SUPPLIED RECORDS: Begin
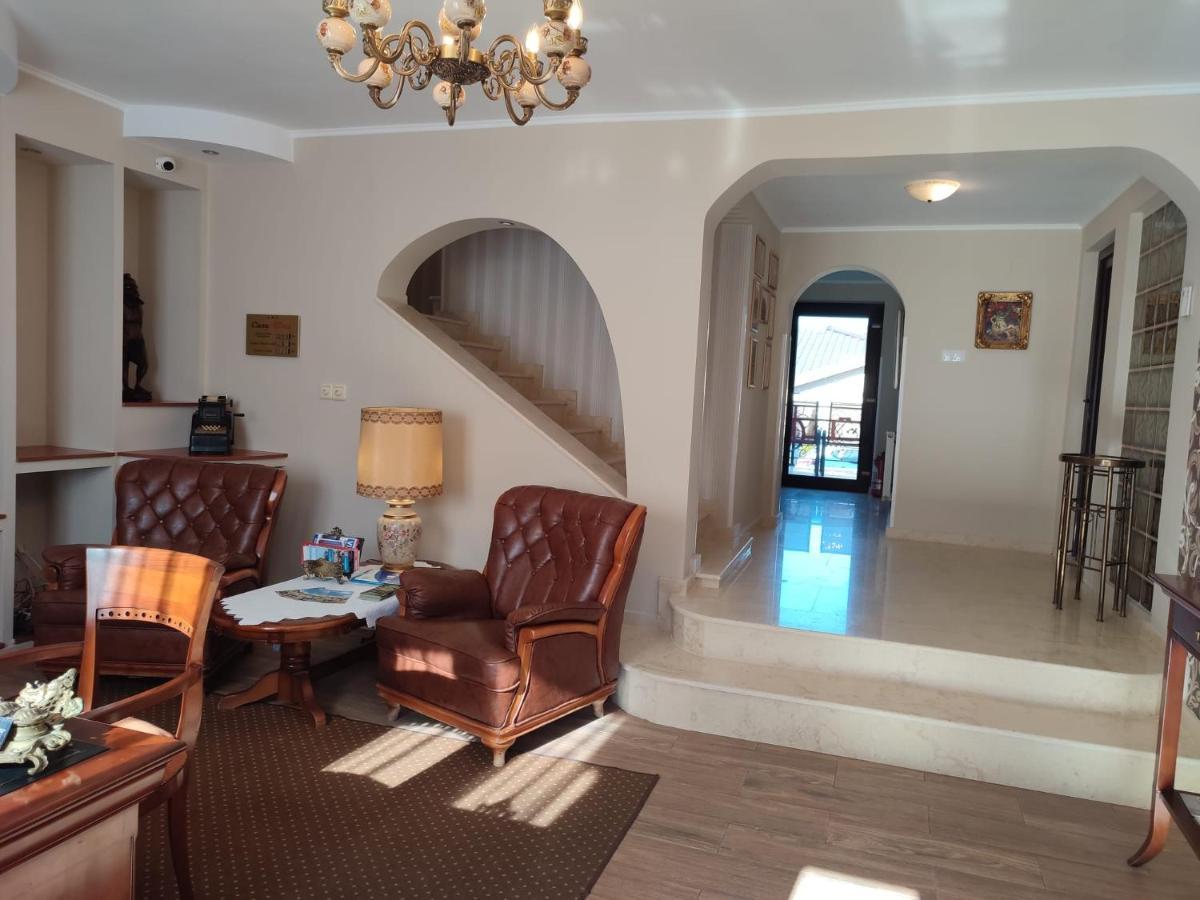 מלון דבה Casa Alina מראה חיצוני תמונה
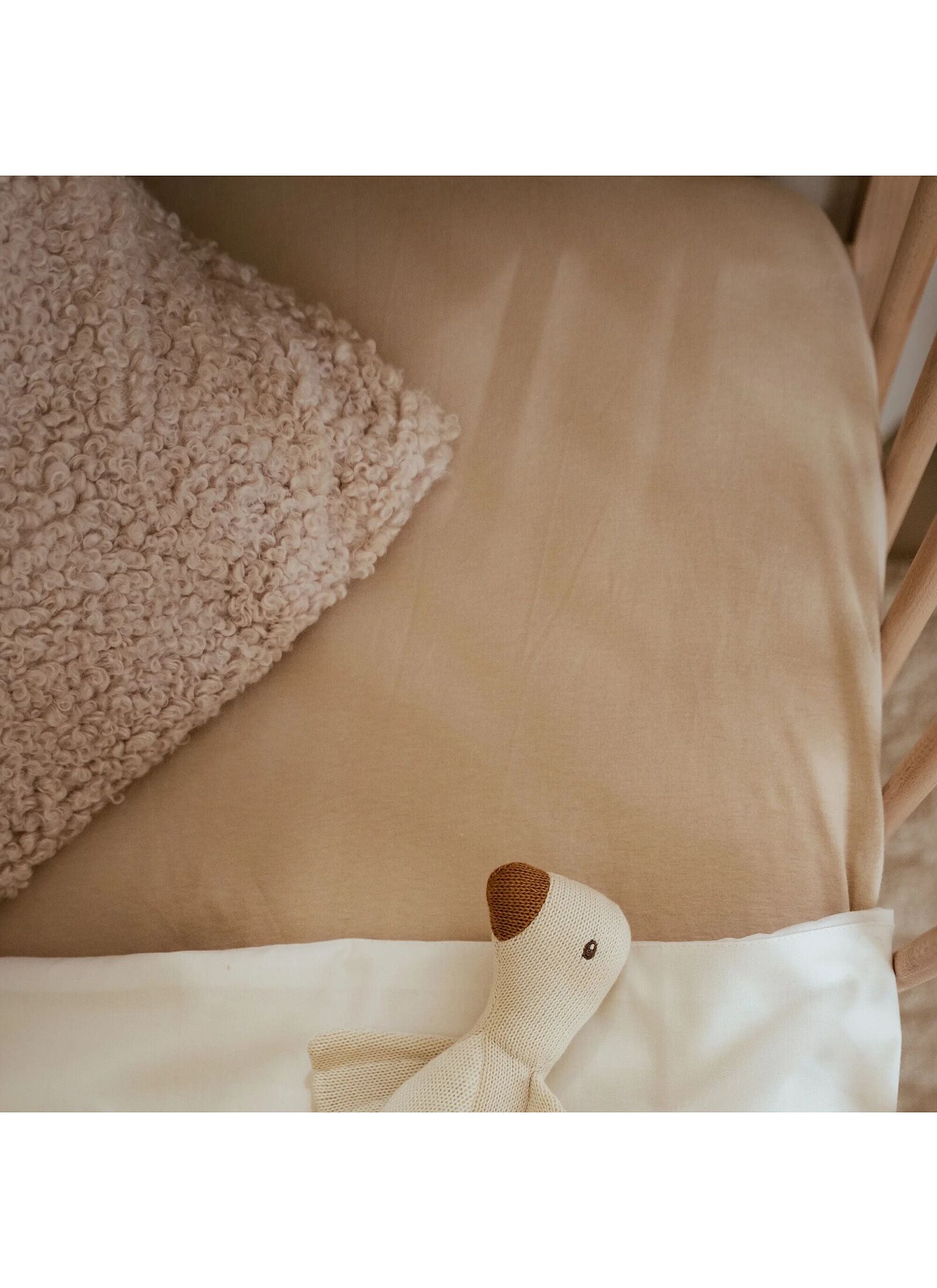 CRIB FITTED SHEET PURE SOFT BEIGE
SUPPLIED RECORDS: End
SUPPLIED RECORDS: Begin
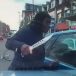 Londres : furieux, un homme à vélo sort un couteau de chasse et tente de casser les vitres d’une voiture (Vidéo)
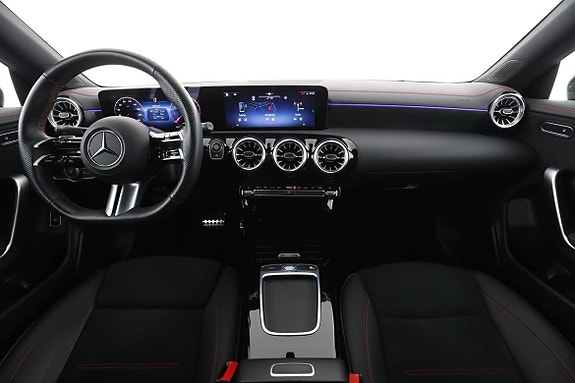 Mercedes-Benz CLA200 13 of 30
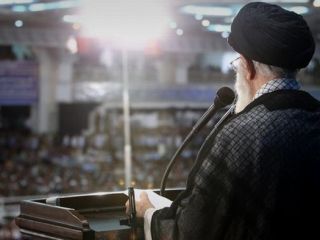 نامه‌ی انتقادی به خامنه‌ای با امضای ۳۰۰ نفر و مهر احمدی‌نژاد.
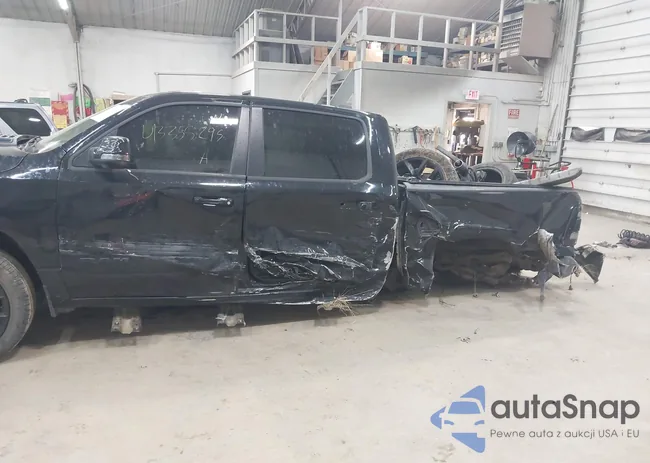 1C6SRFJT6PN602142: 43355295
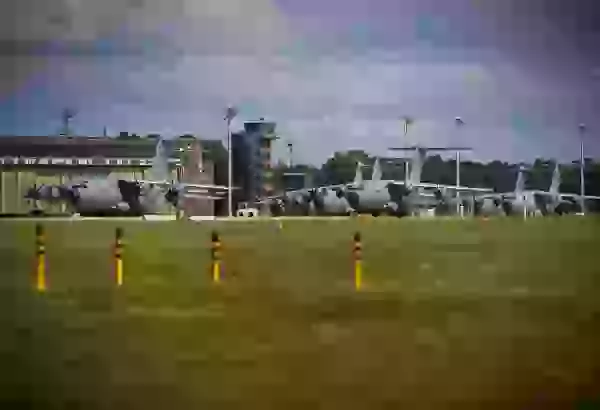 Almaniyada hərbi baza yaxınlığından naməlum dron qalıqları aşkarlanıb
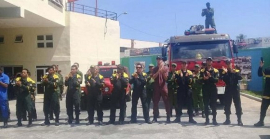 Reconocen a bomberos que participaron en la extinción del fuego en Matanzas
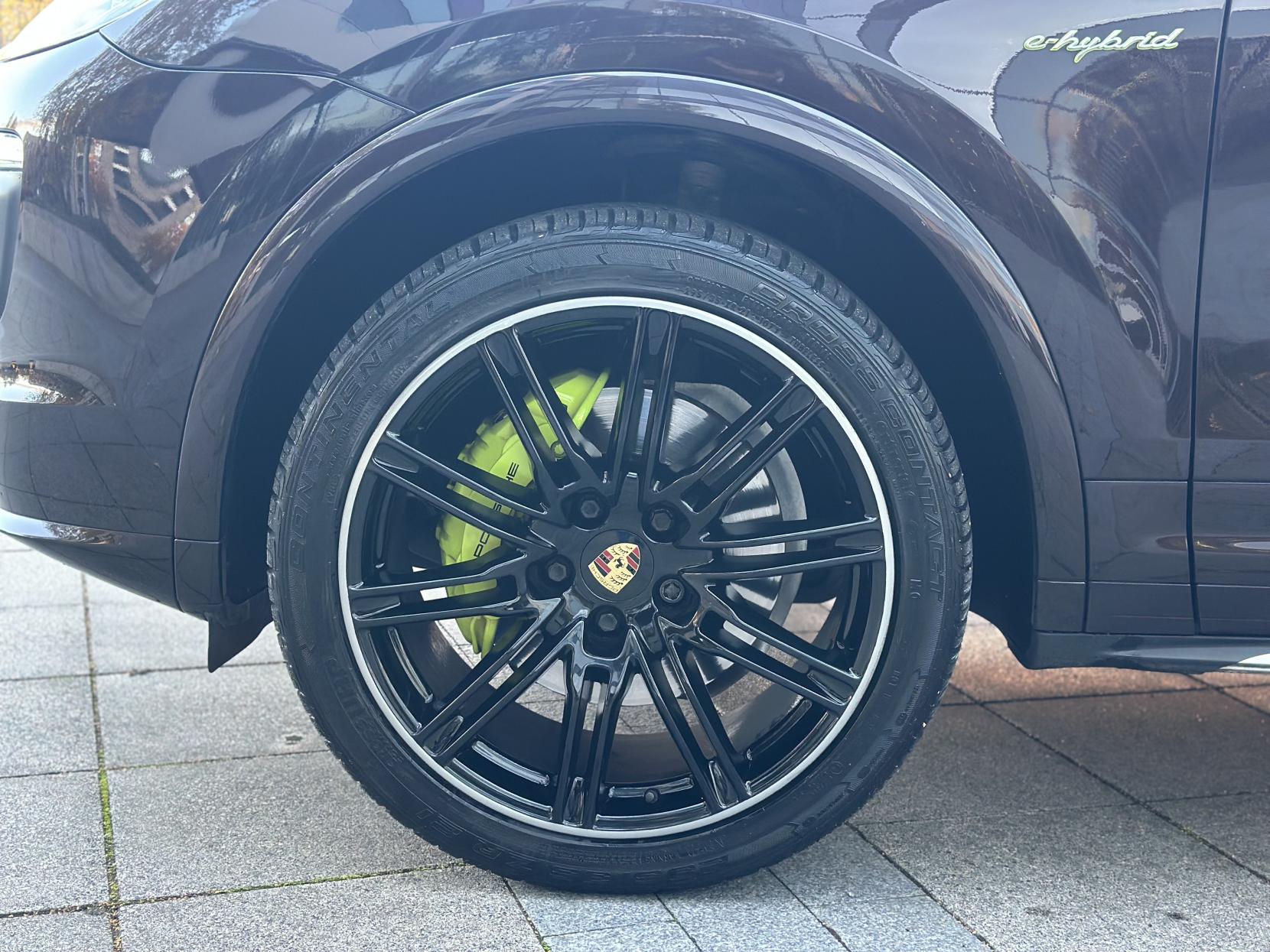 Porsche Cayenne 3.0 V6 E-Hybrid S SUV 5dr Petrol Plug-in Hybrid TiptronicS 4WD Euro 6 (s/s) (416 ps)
SUPPLIED RECORDS: End
SUPPLIED RECORDS: Begin
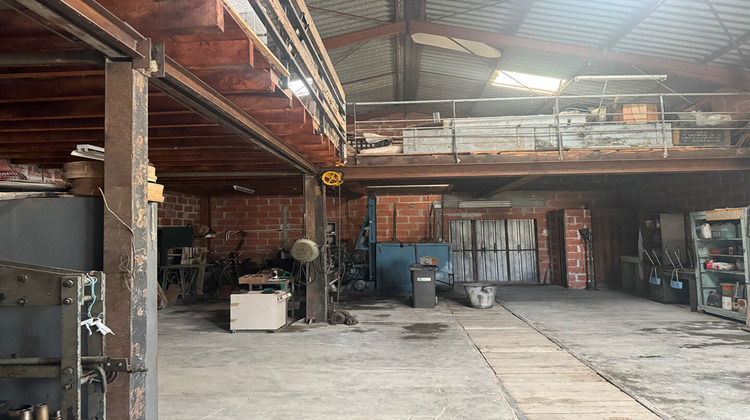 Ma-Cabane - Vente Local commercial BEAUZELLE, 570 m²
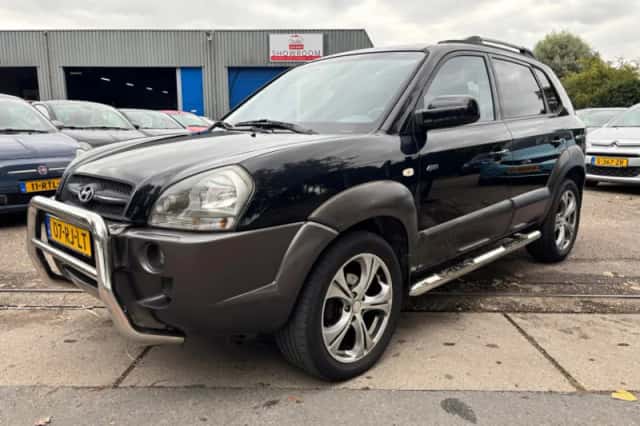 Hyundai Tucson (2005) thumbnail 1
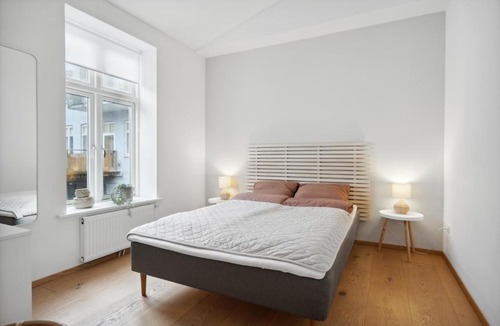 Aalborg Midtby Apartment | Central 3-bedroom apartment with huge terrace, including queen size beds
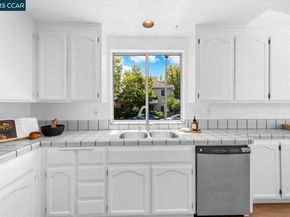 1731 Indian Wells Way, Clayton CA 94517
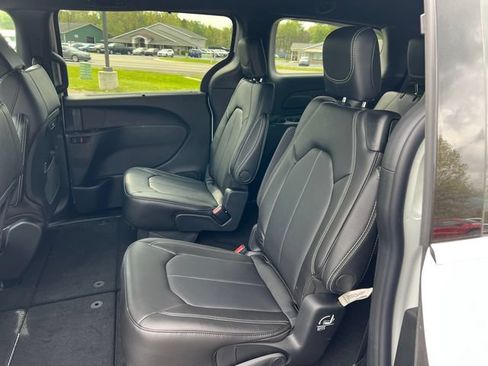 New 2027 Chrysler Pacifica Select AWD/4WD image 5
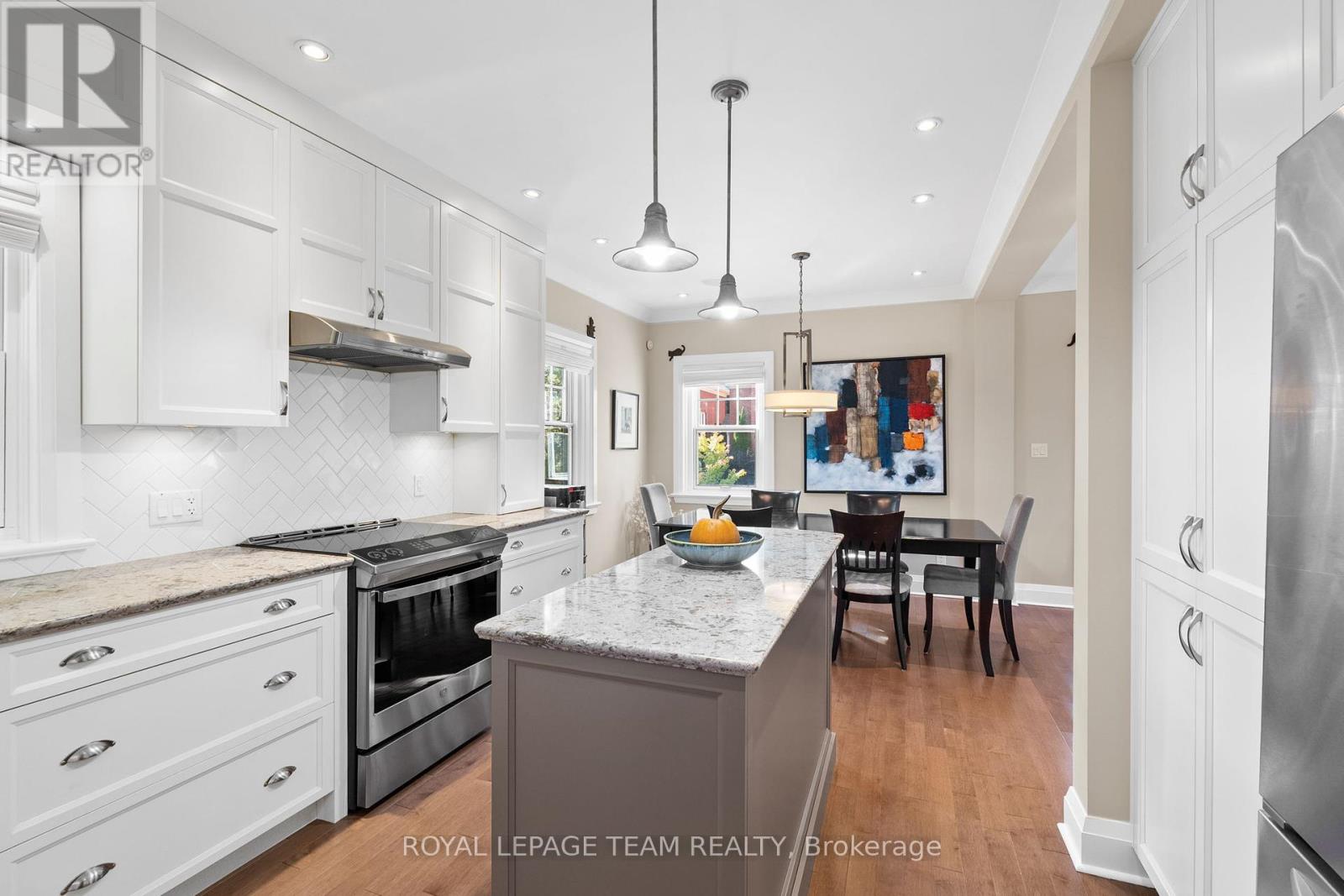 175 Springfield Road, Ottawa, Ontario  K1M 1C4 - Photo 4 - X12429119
SUPPLIED RECORDS: End
EXERCISE DIRECTIONS: In the records above, find the line with "Londres : furieux, un" and the line with "Porsche Cayenne 3.0", then restate word for word only those two lines and all lines between, omitting pictures.

EXPECTED OUTPUT:
 Londres : furieux, un homme à vélo sort un couteau de chasse et tente de casser les vitres d’une voiture (Vidéo)
 Mercedes-Benz CLA200 13 of 30
 نامه‌ی انتقادی به خامنه‌ای با امضای ۳۰۰ نفر و مهر احمدی‌نژاد.
 1C6SRFJT6PN602142: 43355295
 Almaniyada hərbi baza yaxınlığından naməlum dron qalıqları aşkarlanıb
 Reconocen a bomberos que participaron en la extinción del fuego en Matanzas
 Porsche Cayenne 3.0 V6 E-Hybrid S SUV 5dr Petrol Plug-in Hybrid TiptronicS 4WD Euro 6 (s/s) (416 ps)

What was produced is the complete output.